Complex Made Simple

Markets give a mixed performance with Ramadan in its second week

Egypt being the star ending the week up by 2.8 per cent and Qatar leading the losing side by 1.2 per cent over the week, followed by Abu Dhabi and Saudi Arabia each by 0.8 per cent and 0.1 per cent respectively.

US markets had a positive close for last week, with Dow, Nasdaq and S&P500 reaching their all-time highs, ignoring a recent job report that came below expectations.

Oil on the other hand, ended the week on a negative note, again below the $50 mark on the back of the same story of US Shale which will continue to distort the supply/demand picture despite OPEC extending cuts.

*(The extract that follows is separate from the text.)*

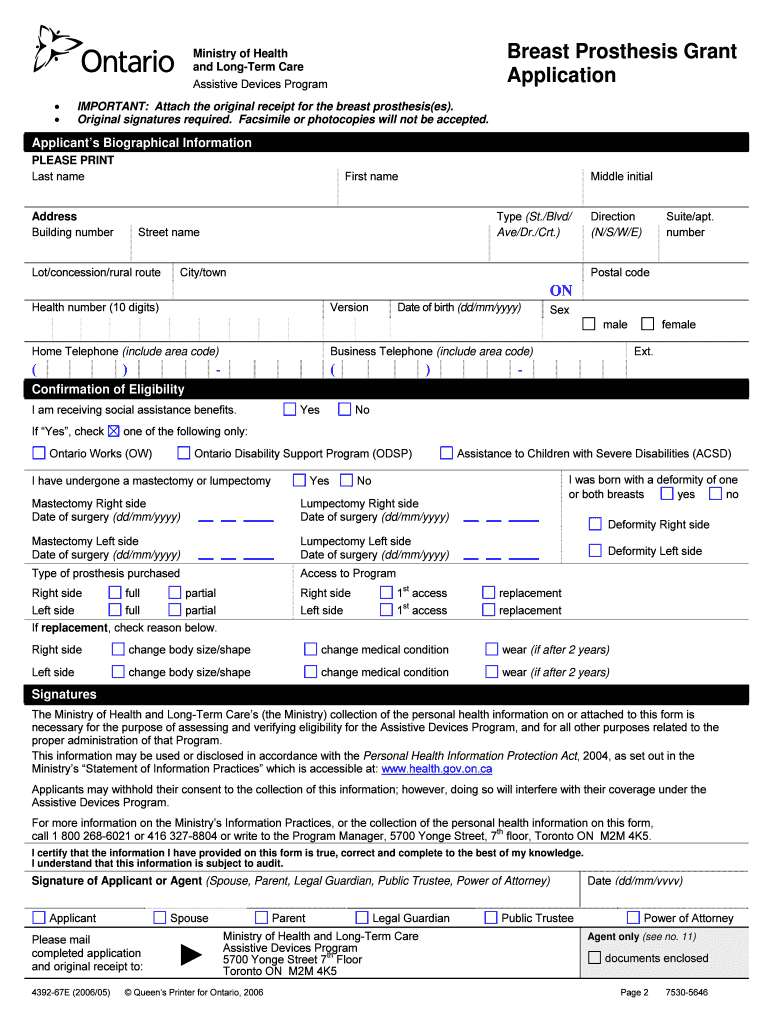 Breast Prosthesis Grant Information Sheet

On the regional front, with Ramadan in its second week, markets had a mixed performance with Egypt being the star. The Egyptian market managed to end the week up by 2.8 per cent reaching a recent high of 13,467 points after the president ratified the new investment law.

Kuwait came in second in the win column, up by 1.9 per cent over the week, maintaining its YTD returns of 18.5 per cent. Bahrain, Dubai and Oman followed with small gains ending the week up 0.8 per cent, 0.7 per cent and 0.6 per cent respectively.

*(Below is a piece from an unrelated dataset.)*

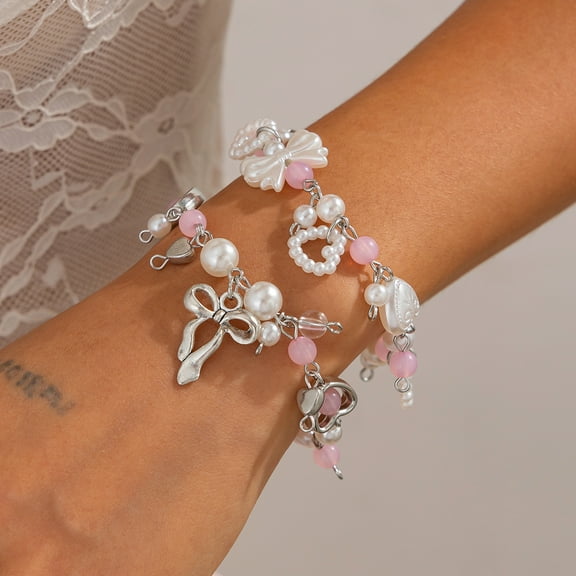 Sweet Bow Alloy Pendant Bracelet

On the losing side, Qatar came in first, losing 1.2 per cent over the week, followed by Abu Dhabi and Saudi Arabia each by 0.8 per cent and 0.1 per cent respectively.

Global commentary

1. US stock markets advanced over the past week, supported by strong economic data. The Nasdaq Composite Index gained 1.5 per cent, while the S&P 500 climbed 1.0 per cent, backed by technology and financial sectors. Meanwhile, the Dow Jones rose 0.6 per cent.

2. European markets gained last week, backed by stronger-than-expected manufacturing PMI data. The DAX jumped 1.8 per cent, owing to a rise in German car registration data, while the CAC 40 edged up 0.1 per cent. However, the FTSE 100 ended on a flat note.

3. Most stock markets in the GCC region rose over the previous week. Kuwait and Bahrain jumped 1.9 per cent and 0.8 per cent, respectively, while Dubai advanced 0.7 per cent, driven by real estate stocks. Oman climbed 0.6 per cent. On the other hand, Qatar and Abu Dhabi dropped 1.2 per cent and 0.8 per cent, respectively.

4. Most Asian markets advanced last week. The Nikkei 225 jumped 2.5 per cent, led by strong economic data, while the Hang Seng Index and the KOSPI rose 1.1 per cent and 0.7 per cent, respectively. However, the Shanghai Composite Index edged down 0.1 per cent.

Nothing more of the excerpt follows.